Sorrise, ripescando entro sé le antiche certezze che mi riguardavano.
“Sempre così tenebroso. Chissà quante donne….”
Sempre così pieno di passato, dell’impossibilità di trascinare tutto me stesso, senza carichi aggiunti, da un’altra parte. Quello che tu sai fare così bene, diversa da ciò che eri ieri, un anno fa, dieci anni fa, quando i tuoi seni piccoli, sotto quella maglietta rosa, mi incutevano dolcezza, quando le tue mani mi toccavano dopo l’orgasmo, facendomi ancora sussultare, come un tarantolato, o un derviscio straziato dall’ultimo volteggio della sua danza turbinante.

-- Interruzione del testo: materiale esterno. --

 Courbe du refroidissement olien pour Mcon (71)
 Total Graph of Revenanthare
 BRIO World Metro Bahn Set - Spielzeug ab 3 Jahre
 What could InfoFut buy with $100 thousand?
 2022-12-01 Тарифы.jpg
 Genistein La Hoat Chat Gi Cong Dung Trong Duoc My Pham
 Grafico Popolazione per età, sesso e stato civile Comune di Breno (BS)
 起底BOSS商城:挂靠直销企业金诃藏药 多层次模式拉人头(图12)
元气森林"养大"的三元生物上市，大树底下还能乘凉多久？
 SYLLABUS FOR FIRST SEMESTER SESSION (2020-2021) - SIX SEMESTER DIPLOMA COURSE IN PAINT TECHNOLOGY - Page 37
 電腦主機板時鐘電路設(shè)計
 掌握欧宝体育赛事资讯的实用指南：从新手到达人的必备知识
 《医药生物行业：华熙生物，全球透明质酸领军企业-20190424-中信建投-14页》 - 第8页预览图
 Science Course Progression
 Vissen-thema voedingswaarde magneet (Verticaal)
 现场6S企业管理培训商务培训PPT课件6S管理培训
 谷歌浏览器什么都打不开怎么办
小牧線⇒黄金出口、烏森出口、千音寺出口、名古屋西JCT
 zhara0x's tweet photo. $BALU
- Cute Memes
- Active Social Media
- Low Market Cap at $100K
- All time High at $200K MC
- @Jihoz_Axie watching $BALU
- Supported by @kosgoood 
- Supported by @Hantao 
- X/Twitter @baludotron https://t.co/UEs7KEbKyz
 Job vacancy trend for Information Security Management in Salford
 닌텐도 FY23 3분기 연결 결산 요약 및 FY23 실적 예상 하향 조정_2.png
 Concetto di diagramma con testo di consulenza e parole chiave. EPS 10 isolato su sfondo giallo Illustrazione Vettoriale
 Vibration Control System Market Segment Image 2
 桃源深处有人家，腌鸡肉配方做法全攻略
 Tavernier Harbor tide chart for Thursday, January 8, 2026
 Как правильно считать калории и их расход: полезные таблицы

“Le donne? Pochissime, e sempre una alla volta.” dissi, guardandole ancora le mani.
E tutto terminò, senza altre parole. Nemmeno il suo telefono squillò, né la porta si aprì, portando annunci o incombenze.
Vive in silenzio il dio che ha purgato questa terra con sale e cenere, mi dissi, citando Cormac McCarty. A lei tuttavia piacevano altre storie, col finale cantato, al taglio di una torta americana “Sweet roses”. Lasciai che mi risuonassero sulla pelle, solcando brividi di mestizia e vergogna, le parole in falsetto che a volte cantava, caramellando scenari laccati.
You kiss me once
I’ll kiss you twice
And as I gaze in to your eyes
I realize it’s paradise
O magari era l’inferno, entro il quale le corde dell’attesa mi tenevano sospeso per sempre fra la nausea e la devozione.